* Recorded information
┏━━

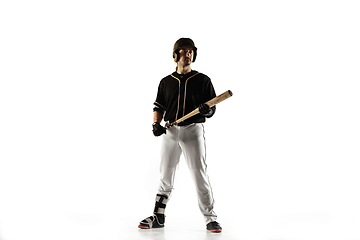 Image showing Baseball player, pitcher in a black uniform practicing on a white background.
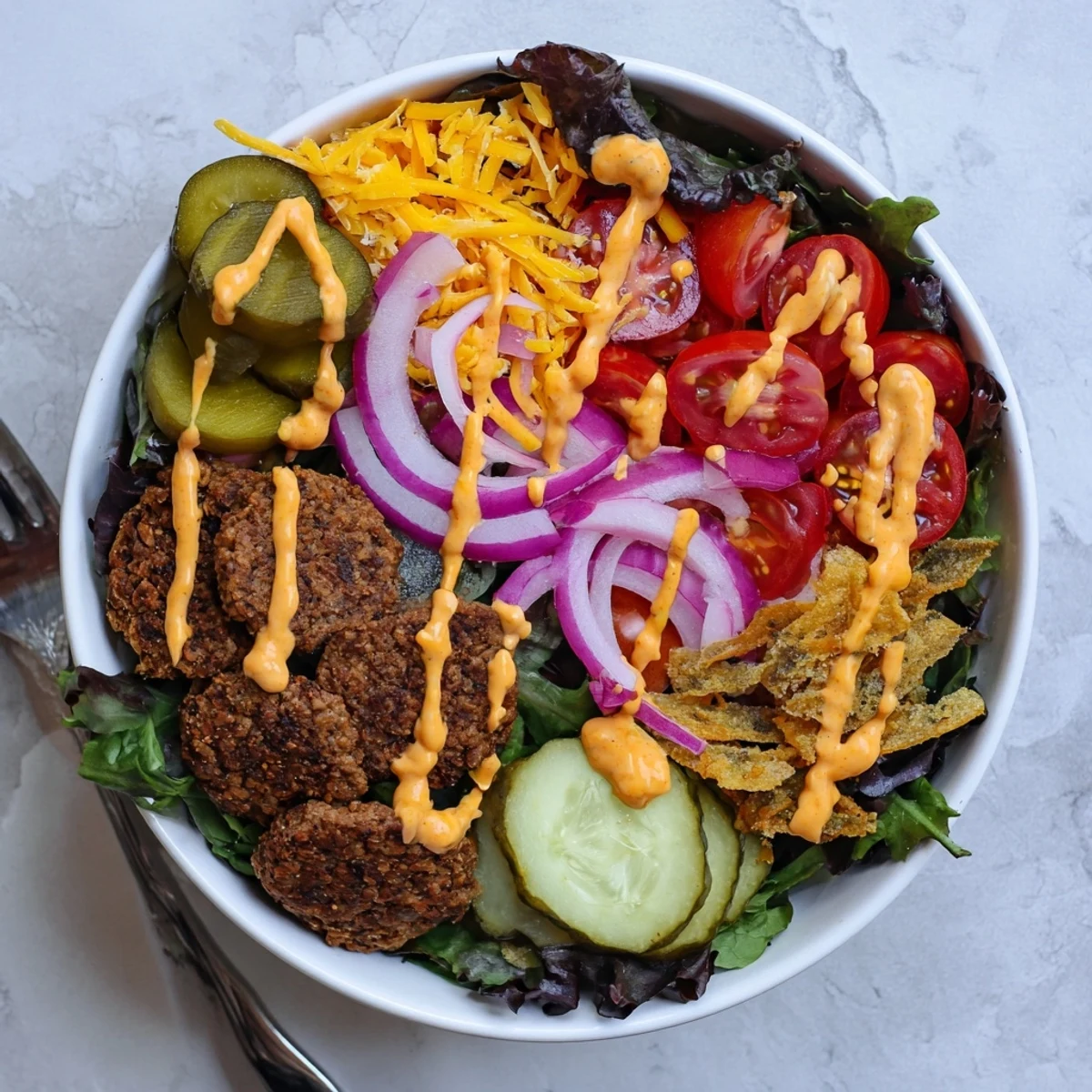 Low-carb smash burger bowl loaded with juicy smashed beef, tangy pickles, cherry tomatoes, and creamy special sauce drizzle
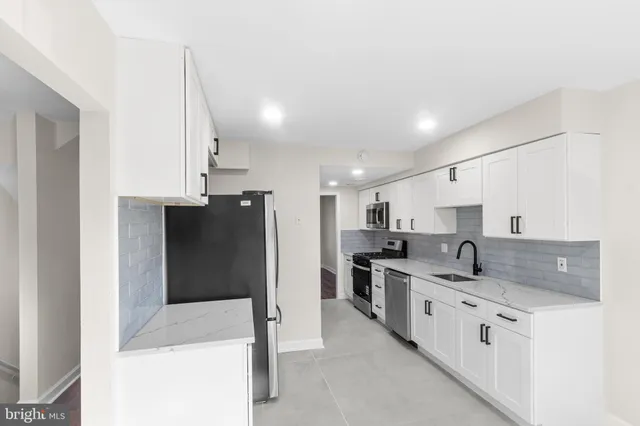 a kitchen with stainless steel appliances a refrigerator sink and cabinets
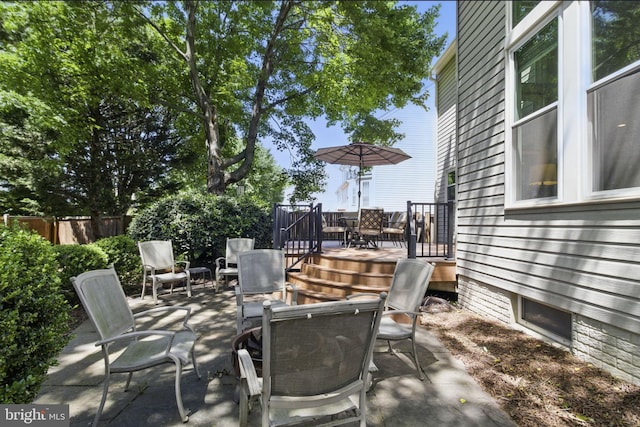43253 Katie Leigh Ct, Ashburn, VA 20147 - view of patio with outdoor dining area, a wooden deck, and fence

┗━━

* Aim of the exercise
To complete the exercise, return the listing above exactly and omit its pictures.

* Exercise output
 Image showing Baseball player, pitcher in a black uniform practicing on a white background.
 Low-carb smash burger bowl loaded with juicy smashed beef, tangy pickles, cherry tomatoes, and creamy special sauce drizzle
 a kitchen with stainless steel appliances a refrigerator sink and cabinets
43253 Katie Leigh Ct, Ashburn, VA 20147 - view of patio with outdoor dining area, a wooden deck, and fence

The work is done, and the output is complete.